The Cards Indicate a Voyage on 'A Streetcar Named Desire'
So much has been written about A Streetcar Named Desire in terms of its theatrical presentation as interpreted by a specific director and set of actors and so much concern has been lavished on the social attitudes and psychological constitution of its characters that the author's primary intention as revealed in his use of mythic symbolism and archetypal imagery to create a dialectic between soul and body to depict universally significant problems such as the conflict and mutual attraction between desire and death has been generally obscured or denigrated as pretentious. My own intention in this essay is to consider the play neither as interpreted in any specific production nor as it may embody a study of satyriasis, nymphomania, or reconstruction in the South, but, rather, as it constitutes what an examination of its symbolism reveals to be Tennessee Williams' intention: a tragic parable dramatizing existence, the fact of incarnation, itself. Far from wishing to dissolve Williams' carefully constructed characters and theatrical effects into illustrations of archetypal figures or myths devoid of the author's particular "signature," I shall try to suggest how Williams' special use of two very ordinary symbols—the cards of destiny and the voyage of experience—aesthetically patterns the mosaic of his literary and theatrical imagery in Streetcar, investing the play with an artistry and meaning that transcend the mere theatricality and sensationalism with which it has so often been credited and discredited.

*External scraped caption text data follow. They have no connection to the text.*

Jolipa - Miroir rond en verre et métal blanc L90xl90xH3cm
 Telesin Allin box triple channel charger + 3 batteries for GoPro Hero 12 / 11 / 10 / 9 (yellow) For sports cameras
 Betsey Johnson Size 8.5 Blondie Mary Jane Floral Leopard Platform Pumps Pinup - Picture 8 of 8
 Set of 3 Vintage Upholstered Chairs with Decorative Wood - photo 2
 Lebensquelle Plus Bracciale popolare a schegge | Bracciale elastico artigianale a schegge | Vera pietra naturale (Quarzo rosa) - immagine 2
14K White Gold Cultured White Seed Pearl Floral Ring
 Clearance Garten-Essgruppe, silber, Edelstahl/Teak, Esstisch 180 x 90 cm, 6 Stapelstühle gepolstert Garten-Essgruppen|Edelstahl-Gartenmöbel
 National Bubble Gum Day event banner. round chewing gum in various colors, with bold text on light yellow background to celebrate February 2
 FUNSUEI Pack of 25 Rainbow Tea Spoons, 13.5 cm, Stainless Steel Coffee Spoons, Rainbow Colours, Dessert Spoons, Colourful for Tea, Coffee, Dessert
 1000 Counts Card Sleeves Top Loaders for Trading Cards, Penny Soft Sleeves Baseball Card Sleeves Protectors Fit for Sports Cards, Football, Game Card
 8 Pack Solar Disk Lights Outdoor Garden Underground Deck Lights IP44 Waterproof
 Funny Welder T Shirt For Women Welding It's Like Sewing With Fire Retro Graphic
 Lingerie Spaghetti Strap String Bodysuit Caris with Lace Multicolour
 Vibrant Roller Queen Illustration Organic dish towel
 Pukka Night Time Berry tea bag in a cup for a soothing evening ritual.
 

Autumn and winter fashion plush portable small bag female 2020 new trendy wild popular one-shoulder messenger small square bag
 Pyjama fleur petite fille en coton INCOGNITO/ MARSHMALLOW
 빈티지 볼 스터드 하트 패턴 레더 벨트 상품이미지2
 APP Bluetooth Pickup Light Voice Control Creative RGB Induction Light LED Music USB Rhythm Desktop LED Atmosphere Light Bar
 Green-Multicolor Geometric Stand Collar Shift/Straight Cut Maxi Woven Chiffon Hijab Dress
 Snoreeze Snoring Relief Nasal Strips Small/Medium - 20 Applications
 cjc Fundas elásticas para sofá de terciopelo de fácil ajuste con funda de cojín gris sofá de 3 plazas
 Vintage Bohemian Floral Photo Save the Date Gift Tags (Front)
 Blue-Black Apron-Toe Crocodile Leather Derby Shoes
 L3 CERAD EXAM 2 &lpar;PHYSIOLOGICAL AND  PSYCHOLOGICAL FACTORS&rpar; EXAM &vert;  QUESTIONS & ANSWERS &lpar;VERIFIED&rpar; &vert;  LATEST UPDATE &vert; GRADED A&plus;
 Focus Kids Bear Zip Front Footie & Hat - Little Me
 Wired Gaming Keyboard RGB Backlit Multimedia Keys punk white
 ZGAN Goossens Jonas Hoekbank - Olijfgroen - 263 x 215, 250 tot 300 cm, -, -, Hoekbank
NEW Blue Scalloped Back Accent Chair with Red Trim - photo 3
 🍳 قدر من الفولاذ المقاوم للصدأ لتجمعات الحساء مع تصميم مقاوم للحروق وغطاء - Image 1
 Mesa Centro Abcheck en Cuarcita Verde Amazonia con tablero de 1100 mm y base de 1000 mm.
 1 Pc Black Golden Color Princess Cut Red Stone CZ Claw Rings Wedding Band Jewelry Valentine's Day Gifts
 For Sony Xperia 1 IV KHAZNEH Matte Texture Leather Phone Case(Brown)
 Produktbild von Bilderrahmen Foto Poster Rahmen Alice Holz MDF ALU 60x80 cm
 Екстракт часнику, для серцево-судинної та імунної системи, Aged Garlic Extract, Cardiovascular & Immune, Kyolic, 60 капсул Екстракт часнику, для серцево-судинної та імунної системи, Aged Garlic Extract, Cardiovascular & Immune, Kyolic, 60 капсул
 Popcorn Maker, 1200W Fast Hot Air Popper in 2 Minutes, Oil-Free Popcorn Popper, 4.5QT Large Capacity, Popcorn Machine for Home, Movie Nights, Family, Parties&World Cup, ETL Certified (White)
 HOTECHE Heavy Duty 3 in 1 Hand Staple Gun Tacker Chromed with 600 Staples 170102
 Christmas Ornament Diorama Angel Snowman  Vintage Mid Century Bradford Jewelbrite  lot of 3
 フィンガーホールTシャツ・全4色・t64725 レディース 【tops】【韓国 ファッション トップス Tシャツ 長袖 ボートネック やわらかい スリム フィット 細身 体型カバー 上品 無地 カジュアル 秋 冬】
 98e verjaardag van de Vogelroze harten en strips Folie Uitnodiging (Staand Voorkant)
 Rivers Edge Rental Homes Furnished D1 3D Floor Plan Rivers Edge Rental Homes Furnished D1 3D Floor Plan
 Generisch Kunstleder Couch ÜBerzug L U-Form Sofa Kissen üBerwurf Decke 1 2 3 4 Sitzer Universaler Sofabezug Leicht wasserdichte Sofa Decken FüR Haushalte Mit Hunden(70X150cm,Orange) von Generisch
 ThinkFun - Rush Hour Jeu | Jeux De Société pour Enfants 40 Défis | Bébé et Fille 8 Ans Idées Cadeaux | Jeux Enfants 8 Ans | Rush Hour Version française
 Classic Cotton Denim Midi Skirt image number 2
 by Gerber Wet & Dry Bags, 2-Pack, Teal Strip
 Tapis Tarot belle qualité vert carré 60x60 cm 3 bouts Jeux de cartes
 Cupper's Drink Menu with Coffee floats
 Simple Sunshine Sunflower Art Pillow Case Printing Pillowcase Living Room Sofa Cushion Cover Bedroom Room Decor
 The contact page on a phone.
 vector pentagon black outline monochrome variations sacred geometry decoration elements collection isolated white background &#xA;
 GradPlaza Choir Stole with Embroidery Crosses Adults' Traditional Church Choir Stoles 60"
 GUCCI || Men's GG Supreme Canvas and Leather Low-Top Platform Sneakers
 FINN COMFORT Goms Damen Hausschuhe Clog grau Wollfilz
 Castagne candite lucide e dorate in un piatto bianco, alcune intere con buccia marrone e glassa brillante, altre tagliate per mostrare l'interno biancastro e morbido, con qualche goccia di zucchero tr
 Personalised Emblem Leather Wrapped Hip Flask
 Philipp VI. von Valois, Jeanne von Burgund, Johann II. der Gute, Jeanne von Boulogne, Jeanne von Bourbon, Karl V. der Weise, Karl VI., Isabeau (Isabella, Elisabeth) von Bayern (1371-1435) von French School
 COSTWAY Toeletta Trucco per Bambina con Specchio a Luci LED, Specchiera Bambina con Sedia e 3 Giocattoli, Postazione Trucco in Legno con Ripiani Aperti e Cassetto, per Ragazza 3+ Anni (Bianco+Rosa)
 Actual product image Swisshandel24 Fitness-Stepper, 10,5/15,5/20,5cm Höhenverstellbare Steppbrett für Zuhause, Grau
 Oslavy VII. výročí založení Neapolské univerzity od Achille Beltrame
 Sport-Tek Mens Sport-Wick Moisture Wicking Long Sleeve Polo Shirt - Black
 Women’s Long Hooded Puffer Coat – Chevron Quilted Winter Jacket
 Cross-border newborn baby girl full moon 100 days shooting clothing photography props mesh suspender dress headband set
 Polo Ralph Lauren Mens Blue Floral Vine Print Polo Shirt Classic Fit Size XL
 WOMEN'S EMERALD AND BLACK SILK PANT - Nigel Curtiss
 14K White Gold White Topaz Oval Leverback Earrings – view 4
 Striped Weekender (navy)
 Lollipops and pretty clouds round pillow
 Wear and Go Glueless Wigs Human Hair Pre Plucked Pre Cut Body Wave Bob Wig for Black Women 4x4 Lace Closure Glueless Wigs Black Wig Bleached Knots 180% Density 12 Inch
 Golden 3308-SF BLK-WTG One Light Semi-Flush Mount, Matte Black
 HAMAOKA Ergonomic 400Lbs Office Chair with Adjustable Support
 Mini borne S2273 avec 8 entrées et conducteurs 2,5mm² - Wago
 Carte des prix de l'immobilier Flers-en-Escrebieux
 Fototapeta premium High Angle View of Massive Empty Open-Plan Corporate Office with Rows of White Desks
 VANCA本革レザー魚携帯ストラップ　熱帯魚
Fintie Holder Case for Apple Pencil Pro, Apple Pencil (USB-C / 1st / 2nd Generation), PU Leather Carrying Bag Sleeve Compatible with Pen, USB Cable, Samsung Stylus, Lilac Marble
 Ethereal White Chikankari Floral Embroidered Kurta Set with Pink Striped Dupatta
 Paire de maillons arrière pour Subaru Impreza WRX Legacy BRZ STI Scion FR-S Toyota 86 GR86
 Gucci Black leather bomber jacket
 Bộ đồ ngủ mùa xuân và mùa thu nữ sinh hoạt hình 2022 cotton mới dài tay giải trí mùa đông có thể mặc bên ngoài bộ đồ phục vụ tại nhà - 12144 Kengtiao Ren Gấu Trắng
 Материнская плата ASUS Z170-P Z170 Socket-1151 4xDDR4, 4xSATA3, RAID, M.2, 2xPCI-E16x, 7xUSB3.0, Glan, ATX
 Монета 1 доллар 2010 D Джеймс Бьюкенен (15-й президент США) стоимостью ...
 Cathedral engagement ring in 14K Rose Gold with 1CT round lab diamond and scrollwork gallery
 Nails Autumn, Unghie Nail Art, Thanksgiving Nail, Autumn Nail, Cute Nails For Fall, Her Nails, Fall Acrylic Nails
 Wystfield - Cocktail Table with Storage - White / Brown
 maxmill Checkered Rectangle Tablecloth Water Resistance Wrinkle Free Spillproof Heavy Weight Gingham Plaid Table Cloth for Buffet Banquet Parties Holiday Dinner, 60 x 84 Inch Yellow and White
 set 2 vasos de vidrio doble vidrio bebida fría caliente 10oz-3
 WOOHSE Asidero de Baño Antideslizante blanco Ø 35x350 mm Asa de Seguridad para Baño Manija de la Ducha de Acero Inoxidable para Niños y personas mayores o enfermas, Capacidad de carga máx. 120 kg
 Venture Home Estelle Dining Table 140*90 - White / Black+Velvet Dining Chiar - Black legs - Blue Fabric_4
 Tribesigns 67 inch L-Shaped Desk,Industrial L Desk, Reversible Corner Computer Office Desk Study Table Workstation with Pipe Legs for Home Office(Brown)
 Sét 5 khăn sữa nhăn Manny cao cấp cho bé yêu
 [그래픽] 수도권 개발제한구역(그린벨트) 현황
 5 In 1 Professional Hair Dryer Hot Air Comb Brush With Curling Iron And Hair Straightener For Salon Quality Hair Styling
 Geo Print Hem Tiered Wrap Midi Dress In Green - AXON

"Catch!"… says Stanley Kowalski throwing a bloodstained package of meat to his wife, Stella, at the opening of the first scene of A Streetcar Named Desire. Laughing breathlessly, she manages to catch it. "This game is seven-card stud," reads the last line of the play. In between, much of the verbal and theatrical imagery that constitutes the drama is drawn from games, chance and luck. Williams had called the short play from which Streetcar evolved The Poker Night, and in the final version two of the most crucial scenes are presented within the framework of poker games played onstage. Indeed, the tactics and ceremonial of games in general, and poker in particular, may be seen as constituting the informing structural principle of the play as a whole. Pitting Stanley Kowalski, the powerful master of Elysian Fields against Blanche DuBois, the ineffectual ex-mistress of Belle Reve, Williams makes the former the inevitable winner of the game whose stakes are survival in the kind of world the play posits. For the first four of the eleven scenes of Streetcar, Blanche, by reason of her affectation of gentility and respectability, manages to bluff a good hand in her game with Stanley; thus, in the third scene Stanley is continually losing, principally to Mitch the potential ally of Blanche, in the poker game played onstage. However, generally suspicious of Blanche's behavior and her past, and made aware at the end of the fourth scene that she considers him an ape and a brute, Stanley pursues an investigation of the real identity of her cards. As, little by little, he finds proof of what he considers her own apishness and brutality, he continually discredits her gambits until, in the penultimate scene, he caps his winnings by raping her. In the last scene of the play, Stanley is not only winning every card game being played onstage, but he has also won the game he played with Blanche. Depending as it does on the skillful manipulation of the hands that chance deals out, the card game is used by Williams throughout Streetcar as a symbol of fate and of the skillful player's ability to make its decrees perform in his own favor at the expense of his opponent's misfortune, incompetence, and horror of the game itself.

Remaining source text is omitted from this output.